▸ **What you will do**:
For the material below, return exactly the lines starting at the line containing "BMS Group - Otroška" and ending at the line containing "Thumbnail 4 de", both ends included, and no others.

▸ **Excerpted records**:
▶

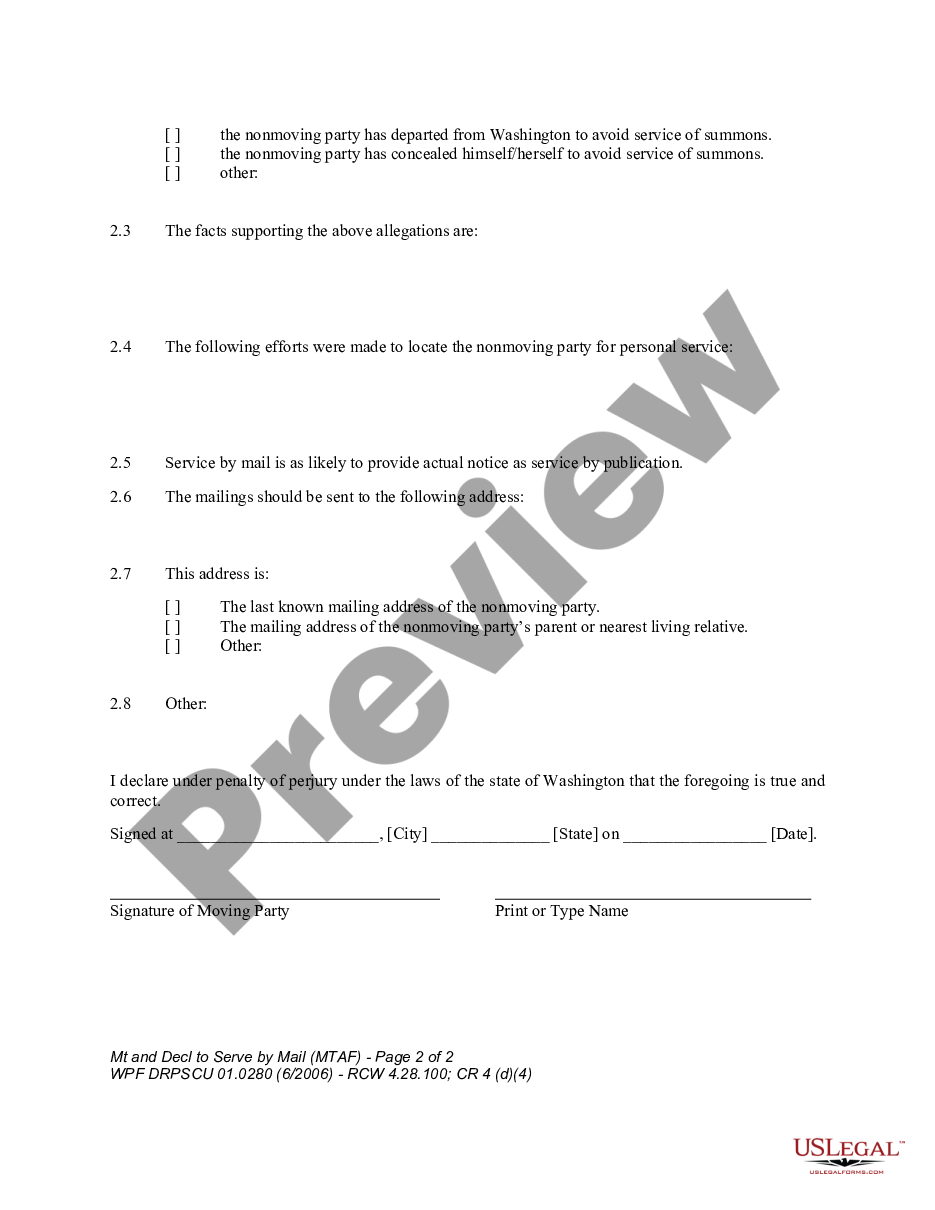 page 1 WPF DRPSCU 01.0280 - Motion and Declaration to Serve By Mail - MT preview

◀
▶

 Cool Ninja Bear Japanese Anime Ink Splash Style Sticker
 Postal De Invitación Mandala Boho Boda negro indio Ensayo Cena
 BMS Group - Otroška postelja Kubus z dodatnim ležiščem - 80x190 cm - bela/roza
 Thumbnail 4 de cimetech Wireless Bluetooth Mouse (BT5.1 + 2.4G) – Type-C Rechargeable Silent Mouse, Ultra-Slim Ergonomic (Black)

◀

▸ **Solution**:
 BMS Group - Otroška postelja Kubus z dodatnim ležiščem - 80x190 cm - bela/roza
 Thumbnail 4 de cimetech Wireless Bluetooth Mouse (BT5.1 + 2.4G) – Type-C Rechargeable Silent Mouse, Ultra-Slim Ergonomic (Black)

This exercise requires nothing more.